In performing the services described in paragraph b. above, the ADVISER shall
use its best efforts to obtain for the FUND and each Portfolio the most
favorable price and execution available and shall maintain records adequate to
demonstrate compliance with this requirement. Subject to prior authorization
by the FUND's Trustees of appropriate policies and procedures, the ADVISER may,
to the extent authorized by law, cause the FUND to pay a broker or dealer that
provides brokerage and research services to the ADVISER an amount of commission
for effecting a portfolio investment transaction in excess of the amount of
commission another broker or dealer would have charged for effecting that
transaction. To the extent authorized by law, the ADVISER shall not be deemed
to have acted unlawfully or to have breached any duty created by this Agreement
or otherwise solely by reason of such action.
Except as otherwise agreed, or as otherwise provided herein, the FUND shall
pay, or arrange for others to pay, all its expenses other than those expressly
stated to be payable by the ADVISER hereunder, which expenses payable by the
FUND shall include (i) interest and taxes; (ii) brokerage commissions and other
costs in connection with the purchase and sale of portfolio investments; (iii)

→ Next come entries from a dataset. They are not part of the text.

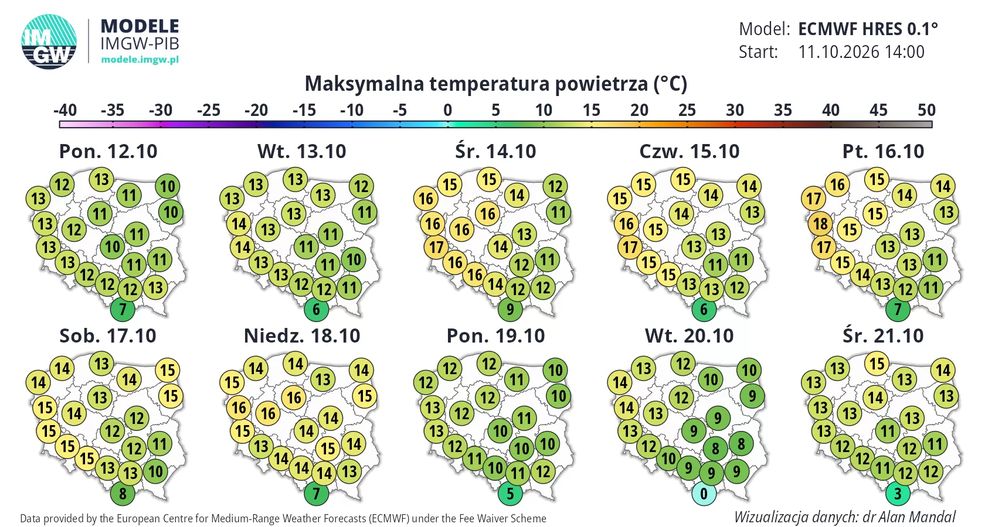 Nowa prognoza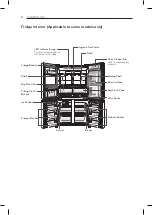 Preview for 8 page of LG GR-M24FBGHL Owner'S Manual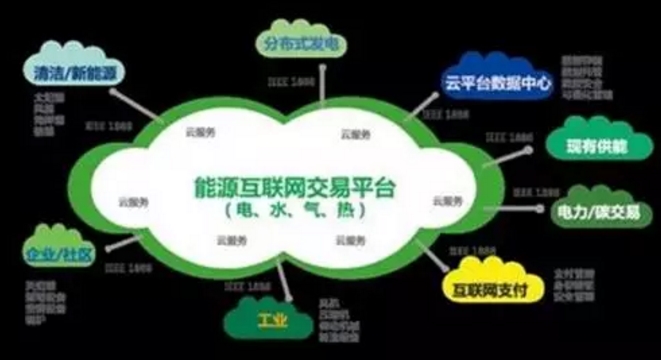 看了這篇，你就懂了能源互聯網！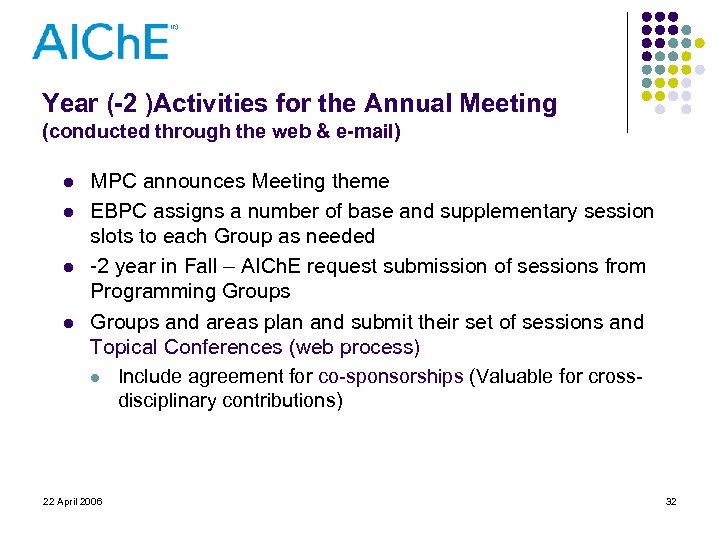 Year (-2 )Activities for the Annual Meeting (conducted through the web & e-mail) l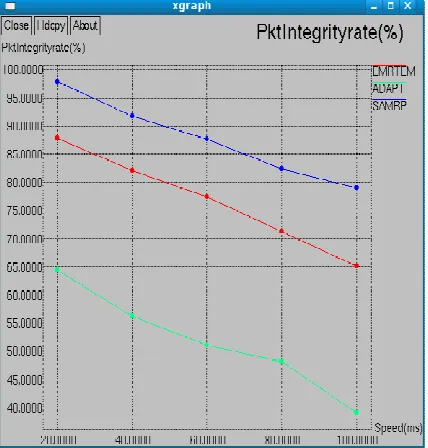 Figure 4. Speed Vs Packet Integrity Rate 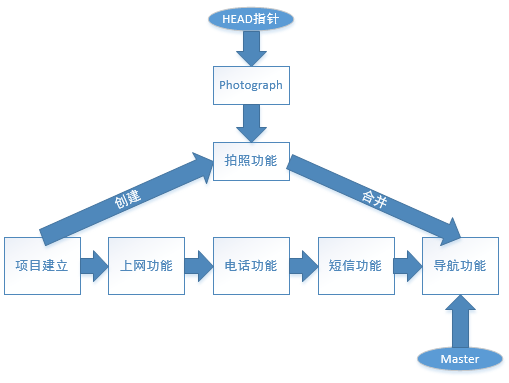 Git分支示意图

compensation of its trustees and officers other than those who are affiliated
persons of the ADVISER; (iv) compensation of its Treasurer, compensation of
personnel working under the Treasurer's direction, and expenses of office
space, facilities, and equipment used by the Treasurer and such personnel in
the performance of their normal duties for the FUND which consist of
maintenance of the accounts, books and other documents which constitute the
record forming the basis for the FUND's financial statements, preparation of
such financial statements and other FUND documents and reports of a financial
nature required by federal and state laws, and participation in the production
of the FUND's registration statement, prospectuses, proxy solicitation
materials and reports to shareholders; (v) fees of outside counsel to and of
independent accountants of the FUND selected by the Trustees; (vi) custodian,
registrar and transfer agent fees and expenses; (vii) expenses related to the
repurchase or redemption of its shares including expenses related to a program
of periodic repurchases or redemptions; (viii) expenses related to the issuance
of its shares against payment therefor by or on behalf of the subscribers
thereto; (ix) fees and related expenses of registering and qualifying the FUND
and its shares for distribution under state and federal securities laws; (x)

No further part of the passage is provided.